Billy Collins has long been one of my favorite poets. I’ll never forget meeting him, asking him to sign my book and nervously telling him how to spell my name - the look of mild derision he gave me as he said “I know how to spell Meredith” remains one of my favorite celebrity encounters. His poetry is plain and powerful, capturing the most clear-eyed of truths in small, quiet lines. He is funny and precise, and writes and thinks like no other person on this earth.

Aimless Love is another all-timer, gathering some of his best poems of the past years like “Obituaries” and “The Long Day,” and including new beauties, such as “Unholy Sonnet #1”:

Death, one thing you can be proud of
is all the room you manage to take up
in this Concordance to the Poems of John Donne,
edited by Homer Carroll Combs and published in 1945.

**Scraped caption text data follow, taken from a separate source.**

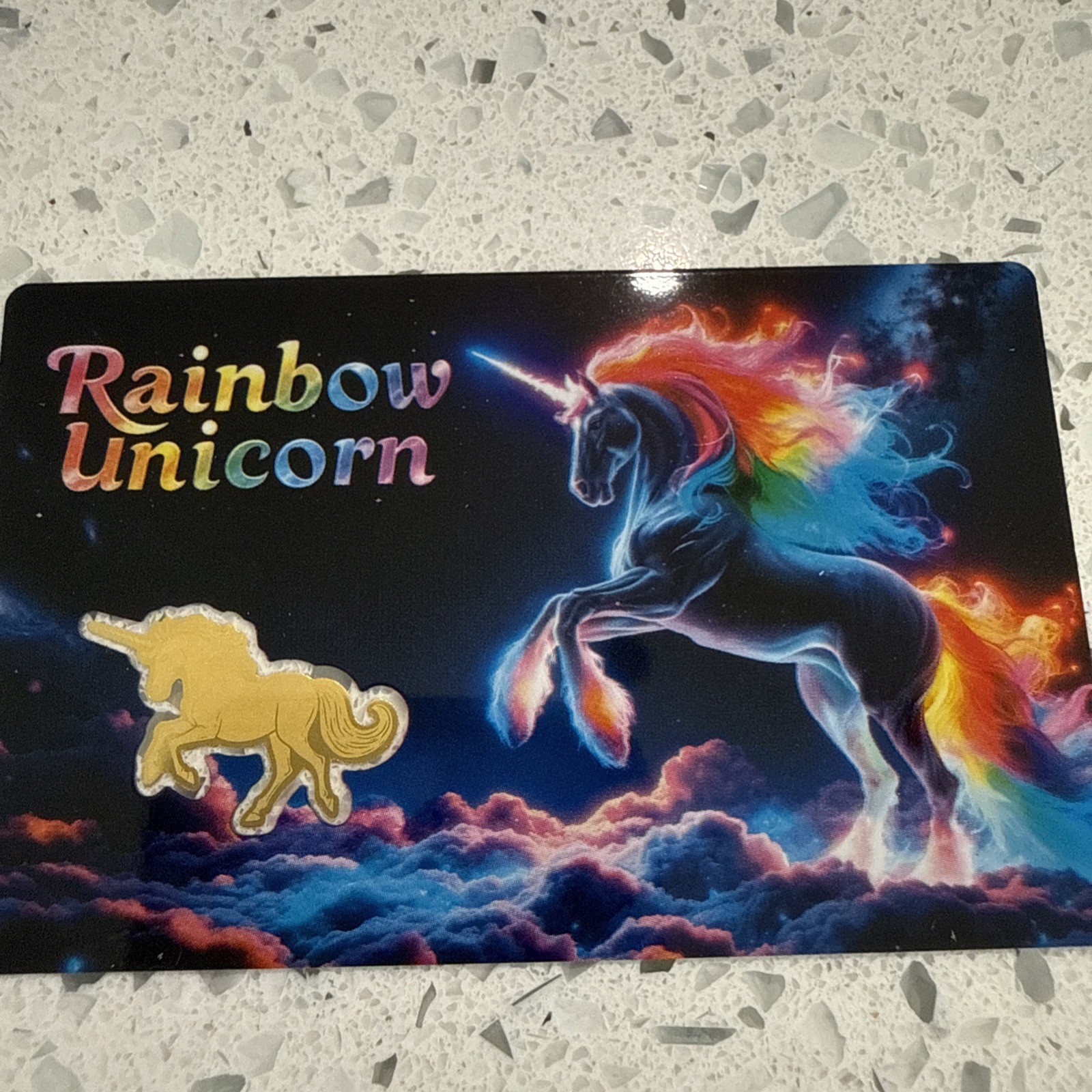 Rogues Island Mint Rainbow Unicorn 1/1000 oz Gold in Card Mintage 5,000 limited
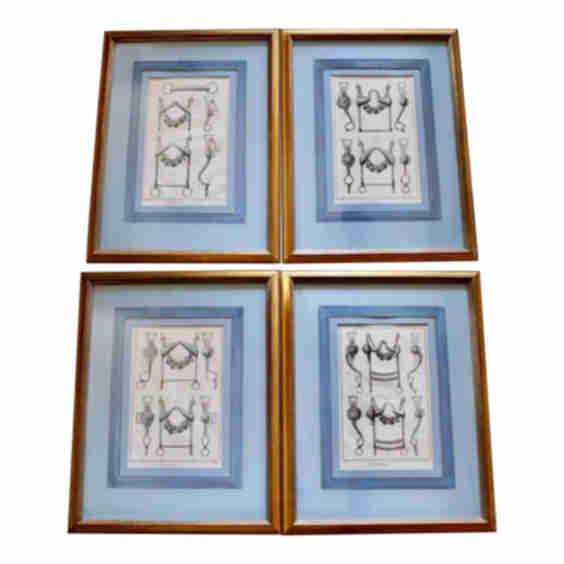 Original 18th Century French Engravings of Horse Bits a Set of Four
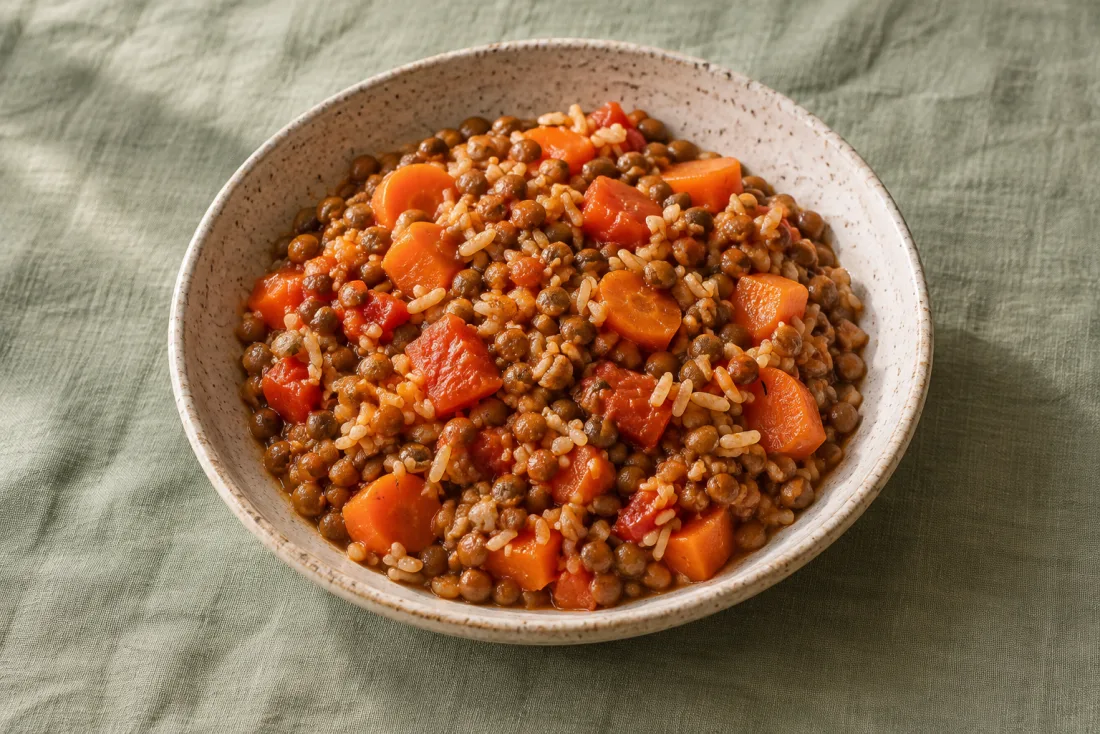Lentil & vegetable pot — serving suggestion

Mighty and dreadful are your tall columns here,
(though soul and love put you in deep shade)
for you outnumber man and outscore even life itself,
and you are roughly tied with God and, strangely, eyes.

But no one likes the way you swell,
not even in these scholarly rows,
where from the complex field of his poems
each word has returned to the alphabet with a sigh.

And lovelier than you are the ones that only once he tried:
syllable and porcelain, but also beach, cup, snail, lamp, and pie.

CAREER OF EVIL
Robert Galbraith, 2015

The third book in the Cormoran Strike detective series by Robert Galbraith (a still-used pseudonym of J.K. Rowling, though her identity was revealed after the publishing of the first novel), Career of Evil follows Cormoran and his assistant Robin as they attempt to track down the man who sent a severed woman’s leg to their office. Cormoran’s colored past brings three suspects to light, while the culprit proves himself to be alarmingly preoccupied with Robin.

The book gives us insight into the characters of Cormoran and Robin, both of whom have remained rather mysterious through the first two books of the series. Though the mystery isn’t quite as taut as Cuckoo’s Calling and The Silkworm, Career of Evil is a fascinating character study and a powerfully angry treatise against sexually violent men.

CODE NAME VERITY
Elizabeth Wein, 2013

I wrote about Code Name Verity here, and months later I’m still thinking about the book and its gorgeous tribute to female friendship and courage. Wein committed herself to painstaking research into the WWII roles of pilot and spy held by the two young women who occupy her novel. Code names Kittyhawke and Verity are brave but not fearless, brilliant and kind but flawed. They are lasting characters, and their friendship is one for the ages. 

Code Name Verity is a funny, feminist adventure, thrilling and heartfelt. If you have a daughter, buy her a copy and then borrow it when she's done.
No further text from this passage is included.